Potential

Reinventing the Commons

By: NEXT by Ramla - Published: • References: capitalism3 and nextbyramla.blogspot
Garrett Hardin first popularized the tragedy of the commons in 1968. in 2007, Peter Barnes proposes a solution: Capitalism 3.0 - building a "commons sector" to balance the "corporate sector."

THE TRAGEDY OF THE COMMONS
Simply, it means that individuals in a group/ society will be tempted to over-utilize unowned natural resources - the commons - in order to maximize their profit; but their actions will lead to a deterioration of the commons and a cost to the entire group. Wasting water, polluting air, over-grazing pastures, and other such "externalities" are the features of such behavior. Individuals do this because commons have no cost, and little governance.

CAPITALISM 3.0 (via the book's website)
Our current version of capitalism—the corporate, globalized version 2.0—is rapidly squandering our shared inheritances. Now, Peter Barnes offers a solution: protect the commons by giving it property rights and strong institutional managers.

Barnes shows how capitalism—like a computer—is run by an operating system. Our current operating system gives too much power to profit-maximizing corporations that devour our commons and distribute most of their profit to a sliver of the population.
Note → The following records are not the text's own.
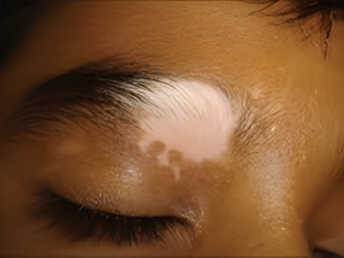 vitiligo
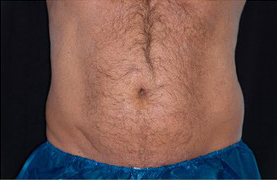 Coolsculpting Before and After 07 | Sanjay Grover MD FACS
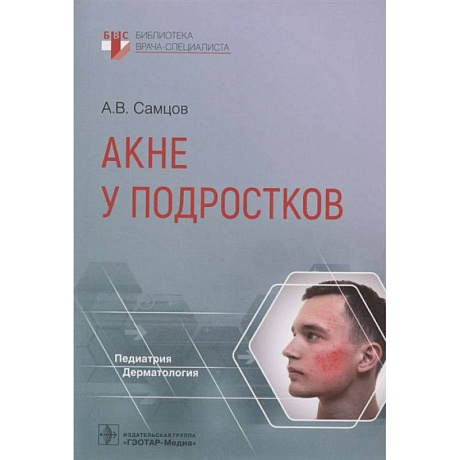 Фото Акне у подростков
And government—which in theory should defend our commons—is all too often a tool of those very corporations.

Barnes proposes a revised operating system—Capitalism 3.0—that protects the commons while preserving the many strengths of capitalism as we know it. His major innovation is the commons trust—a market-based entity with the power to limit use of scarce commons, charge rent, and pay dividends to everyone.

Capitalism 3.0 offers a practical alternative to our current flawed economic system. It points the way to a future in which we can retain capitalism's virtues while mitigating its vices.

SO WHAT DOES IT MEAN?
Congratulations! People are taking action to resolve the issues that have hounded humanity due to out limited perceptions about the results of our actions. It was Garrett, too, who said, "You cannot do only one thing". Capitalism 3.0 proposes an economic model that takes care of the other thing.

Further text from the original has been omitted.